- Born: c. 1594 Topkapı Palace, Constantinople, Ottoman Empire
- Died: 16 November 1678 (aged 83–84) Constantinople, Ottoman Empire (present day Istanbul, Turkey)
- Burial: Murad III Mausoleum, Hagia Sophia Mosque
- Spouse: Çuhadar Ahmed Pasha ​ ​(m. 1604; died 1618)​ Sofu Bayram Pasha ​ ​(m. 1618; died 1632)​ Deli Dilaver Pasha ​ ​(m. 1633; died 1668)​
- Dynasty: Ottoman
- Father: Murad III
- Religion: Sunni Islam

= Fahriye Sultan =

Ottoman princess

Fahriye Sultan (Ottoman Turkish: فخری سلطان, also Fahri Sultan; c. 1594 – 16 November 1678), was an Ottoman princess, daughter of Sultan Murad III (reign 1574–1595) of the Ottoman Empire.

== Biography ==
Fahriye Sultan was born around 1594. She couldn't be the daughter of Safiye Sultan - the Haseki Sultan of Sultan Murad III - as in a document dated to 1073 AH (1662), it is mentioned that she was full-sister of Sehime Sultan, another daughter of the Sultan. Their mother being the same unknown woman, she is referred to as Fülane.

In 1595 her father died and her brother, Mehmed III ascended to the throne. In 1603 her brother died and her thirteen-year-old nephew, Ahmed I, ascended to the throne. Ahmed married Fahriye to Çuhadar Ahmed Pasha in 1604. The marriage remained childless and the pasha died in 1618. When Osman II deposed Mustafa I, Fahriye lived in the palace and received the same salary as other members of the dynasty. Her second husband was Sofu Bayram Pasha, whom she married in 1618 and was widowed at his death in 1632. Her third husband was Deli Dilaver Pasha.

During the reign of sultan Murad IV, her stipend was 430 aspers a day. She is known to receive gifts from the Ragusans from the 1640s all up until the 1670s. However, once she was deliberately overlooked for reasons unknown, likely driven by a reduction in public spending.

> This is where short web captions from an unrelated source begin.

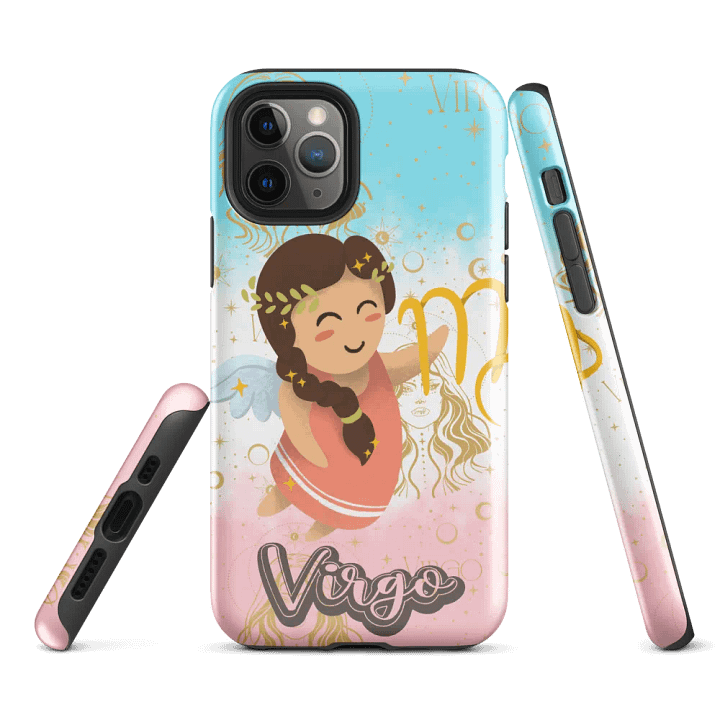 Virgo iPhone® Tough Case product image (1)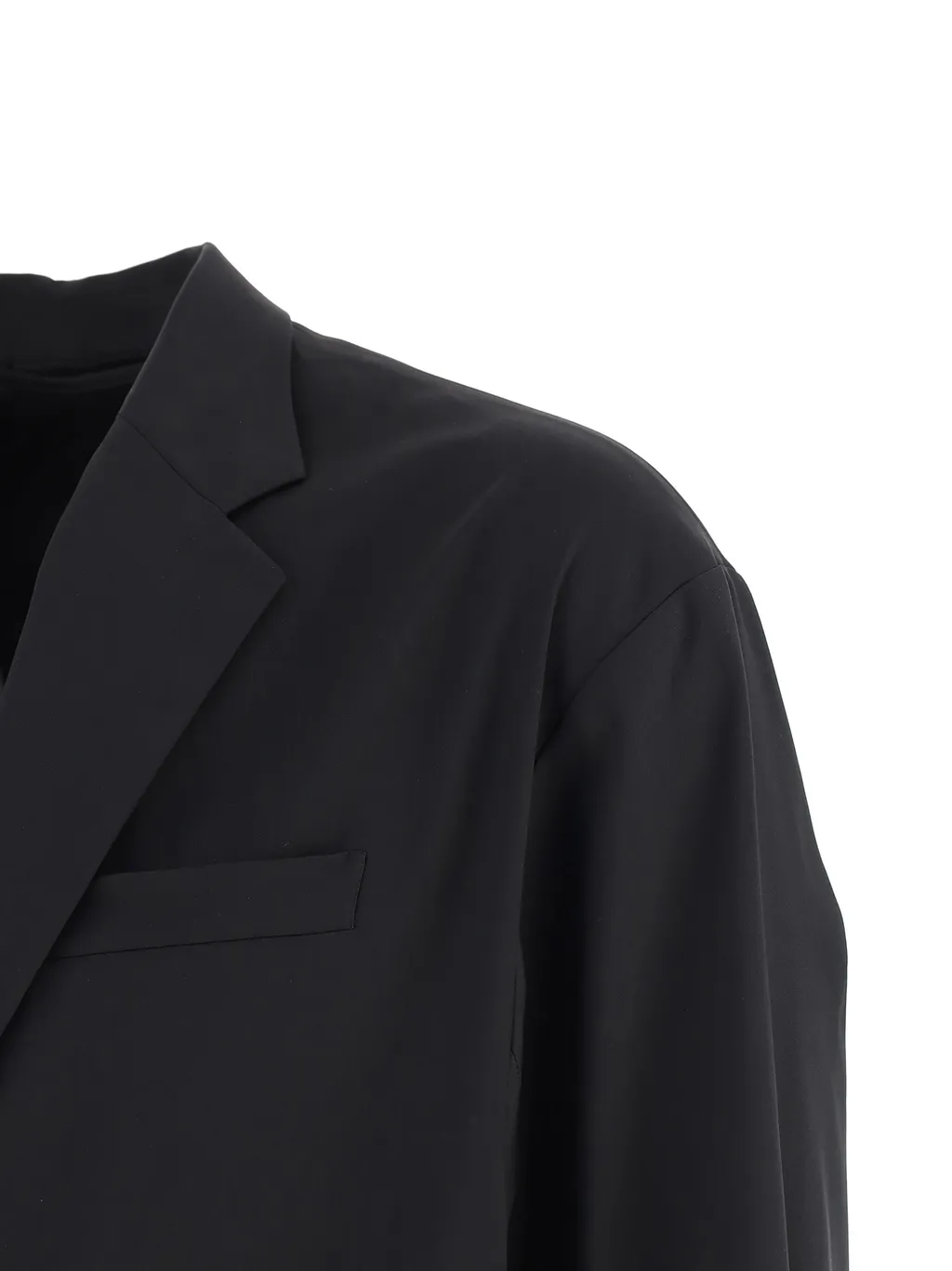 Single Breasted Oversized Blazer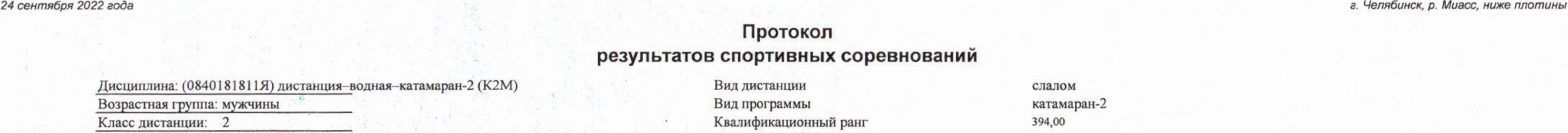 Заголовок протокола со страницы 4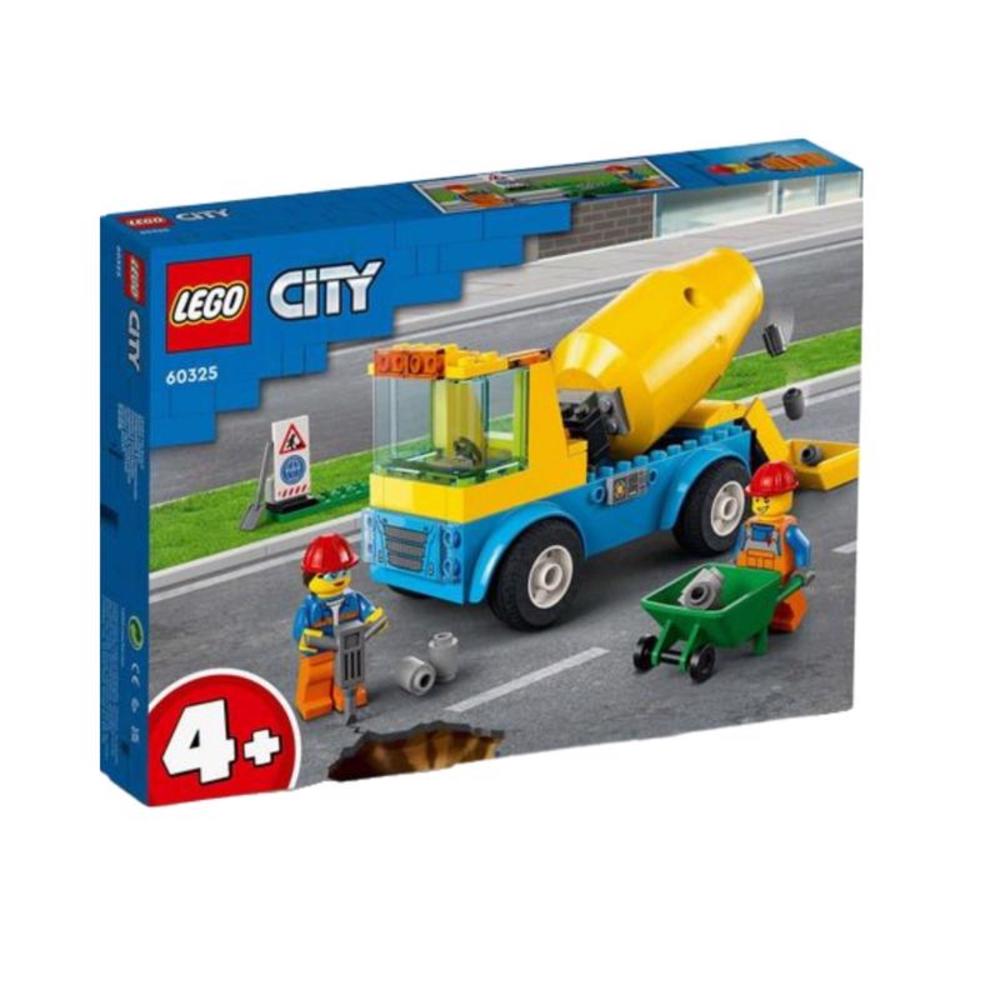 LEGO City 60325 Cement Truck Plastic Multicolored 85 pc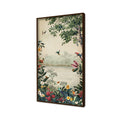 Tropical Haven Nature Artwork Canvas Wall Print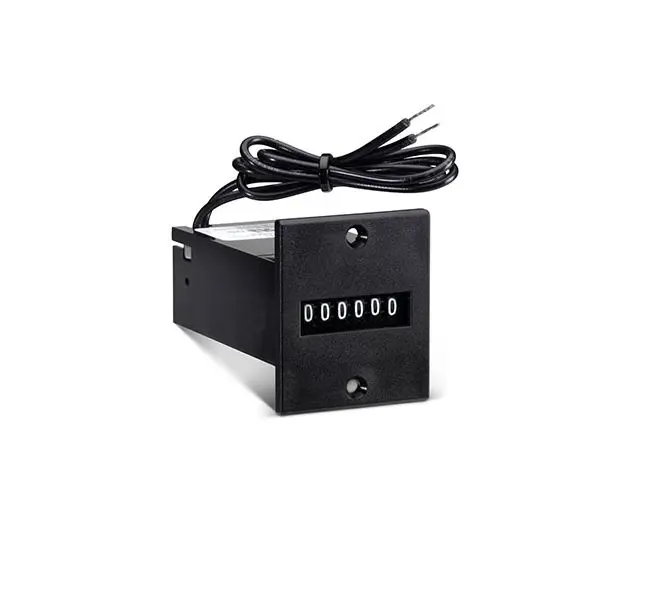 Produktfoto 1 von Trumeter 4916 Analog Zähler 6-stellig Sekunden 120 V AC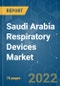Saudi Arabia Respiratory Devices Market - Growth, Trends, COVID-19 Impact, and Forecasts (2022 - 2027) - Product Thumbnail Image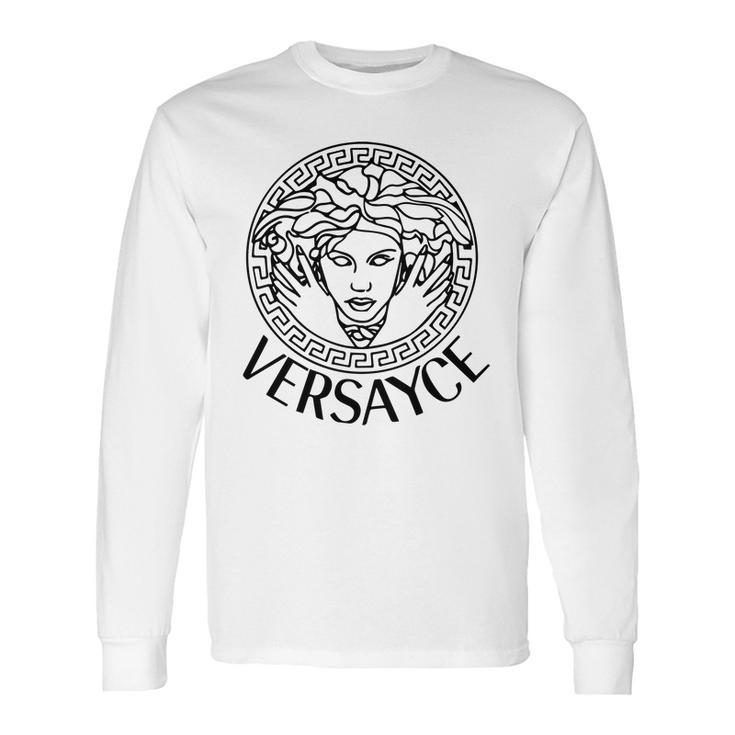 Showgirls Movie Versayce Long Sleeve T-Shirt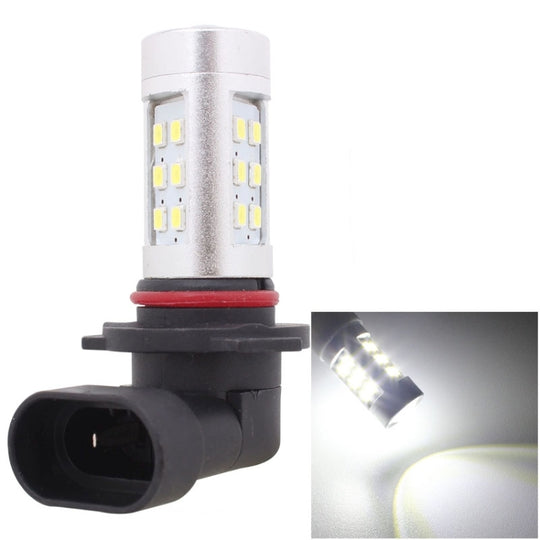 2 Stück 9006 4,2 W 630 lm weißes Licht 21 LED 2835 SMD Auto Bremslicht Lenkung Glühbirne, DC 12 V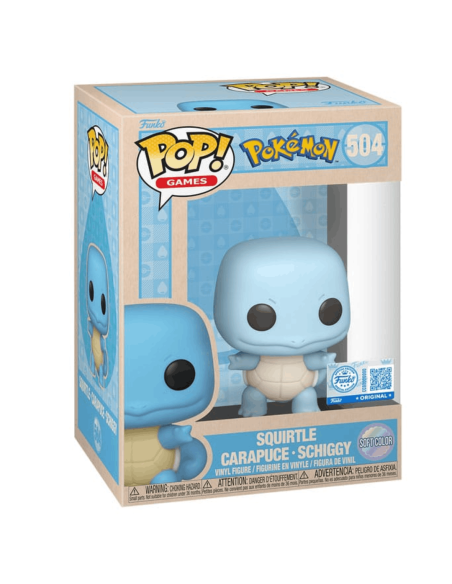 Funko POP Pokemon Squirtle Edición Especial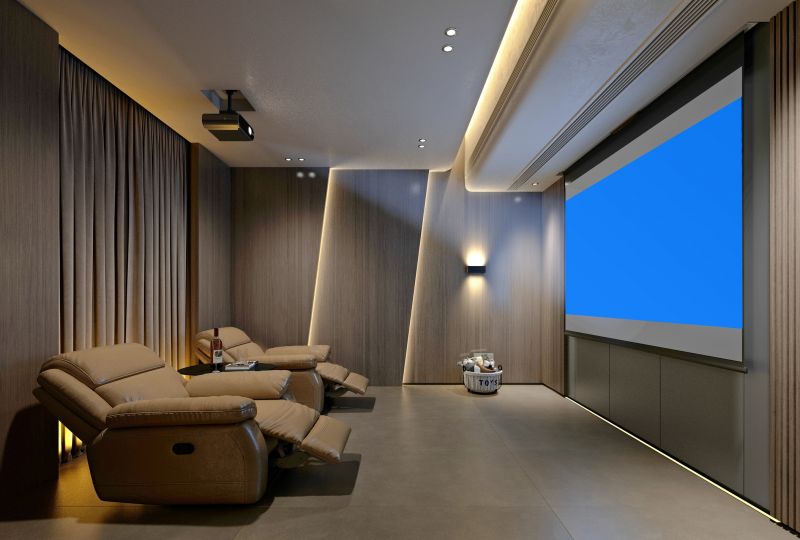 Media Room Installation in Orem, UT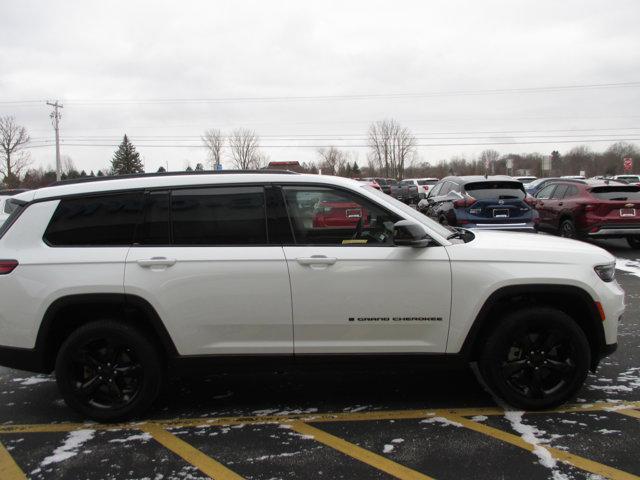 used 2023 Jeep Grand Cherokee L car, priced at $36,211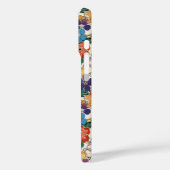 Kleurrijke Japanse Bloemen Geborduurd Case-Mate iPhone Case (Achterkant / Links)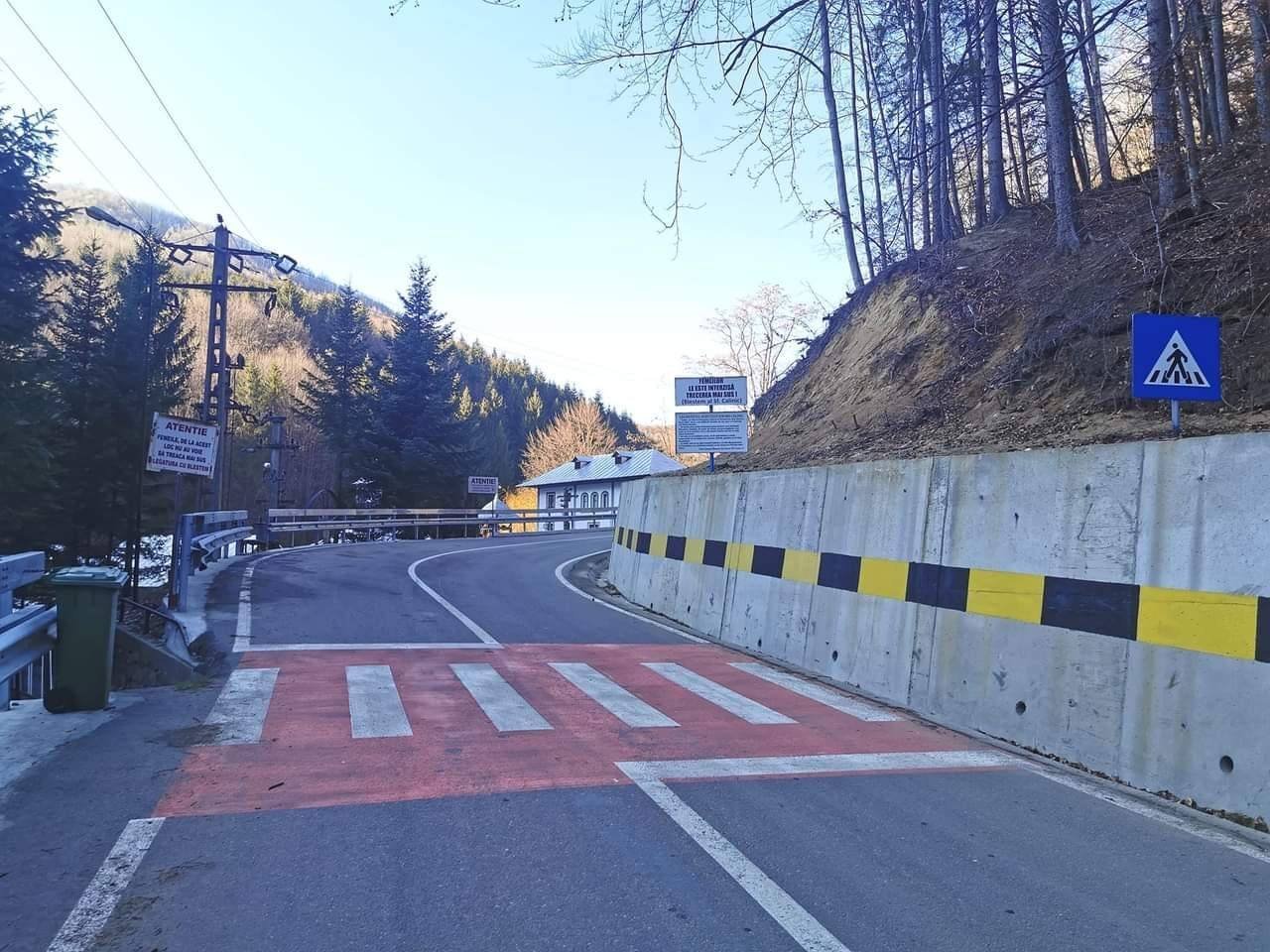 Prehod za pešce v nikamor Prehod za pešce v nikamor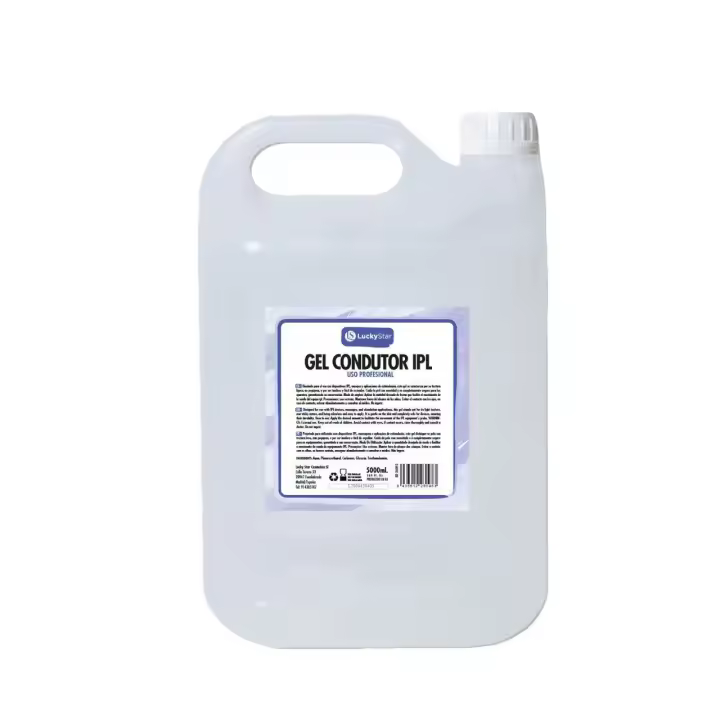 GEL CONDUTOR IPL DEPILACION  USO PROFESIONAL 5 L - 1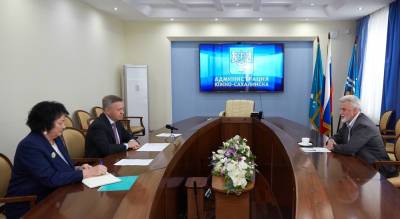 Сергей Надсадин - Южно-Сахалинск продолжит развивать отношения с Хакодате - sakhalin.info - Токио - Япония - Южно-Сахалинск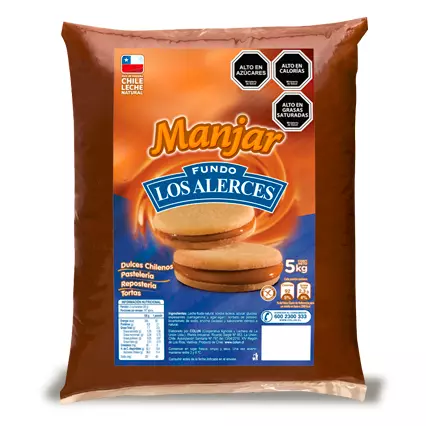 Manjar alerce 5 kilos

After waiting for a year, she instructed her kethüda to inquire with the ambassadors why their predecessors had not provided her the privileges she was entitled to. When the ambassadors showed no inclination to rectify the situation, she sought the intervention of the grand vizier, sending a copy to Caboga, the Ragusan ambassador. The outcome remains uncertain.

She died on 16 November 1678 in Constantinople.

== In popular culture ==
In the 2015 TV series Muhteşem Yüzyıl: Kösem, Fahriye Sultan is portrayed by Turkish actress Gülcan Arslan.